(Beginning of Information provided)

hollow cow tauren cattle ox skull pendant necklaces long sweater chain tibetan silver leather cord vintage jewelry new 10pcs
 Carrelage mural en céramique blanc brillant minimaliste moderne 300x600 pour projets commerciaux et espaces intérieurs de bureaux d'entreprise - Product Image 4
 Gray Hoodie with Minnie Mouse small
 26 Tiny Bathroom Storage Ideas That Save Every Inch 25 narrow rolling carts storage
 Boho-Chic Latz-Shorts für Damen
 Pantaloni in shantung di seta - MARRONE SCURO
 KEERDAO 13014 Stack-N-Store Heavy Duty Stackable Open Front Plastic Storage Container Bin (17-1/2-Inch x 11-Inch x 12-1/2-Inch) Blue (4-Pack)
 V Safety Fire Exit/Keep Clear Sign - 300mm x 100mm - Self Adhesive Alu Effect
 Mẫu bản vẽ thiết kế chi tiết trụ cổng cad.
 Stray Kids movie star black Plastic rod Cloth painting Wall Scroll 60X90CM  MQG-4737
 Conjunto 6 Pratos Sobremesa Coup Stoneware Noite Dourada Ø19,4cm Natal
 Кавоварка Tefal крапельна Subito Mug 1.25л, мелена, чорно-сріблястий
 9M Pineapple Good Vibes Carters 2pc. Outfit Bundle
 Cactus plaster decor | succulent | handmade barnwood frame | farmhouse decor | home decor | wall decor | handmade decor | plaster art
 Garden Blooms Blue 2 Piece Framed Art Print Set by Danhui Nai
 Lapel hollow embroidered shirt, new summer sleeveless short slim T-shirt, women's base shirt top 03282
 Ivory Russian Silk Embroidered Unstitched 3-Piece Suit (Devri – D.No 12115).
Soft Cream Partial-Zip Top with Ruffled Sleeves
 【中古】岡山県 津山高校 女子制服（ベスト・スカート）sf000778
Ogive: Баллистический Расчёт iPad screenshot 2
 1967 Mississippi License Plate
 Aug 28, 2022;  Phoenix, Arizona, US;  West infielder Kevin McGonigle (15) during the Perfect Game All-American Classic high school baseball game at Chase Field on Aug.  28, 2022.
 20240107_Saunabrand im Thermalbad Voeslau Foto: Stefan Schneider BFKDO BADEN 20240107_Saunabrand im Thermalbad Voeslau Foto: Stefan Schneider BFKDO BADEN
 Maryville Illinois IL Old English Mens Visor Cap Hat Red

(End of Information provided)

Retype only the stretch of lines above starting at the one with "Conjunto 6 Pratos" and stopping at the one with "Cactus plaster decor", exactly as written, with both kept.

 Conjunto 6 Pratos Sobremesa Coup Stoneware Noite Dourada Ø19,4cm Natal
 Кавоварка Tefal крапельна Subito Mug 1.25л, мелена, чорно-сріблястий
 9M Pineapple Good Vibes Carters 2pc. Outfit Bundle
 Cactus plaster decor | succulent | handmade barnwood frame | farmhouse decor | home decor | wall decor | handmade decor | plaster art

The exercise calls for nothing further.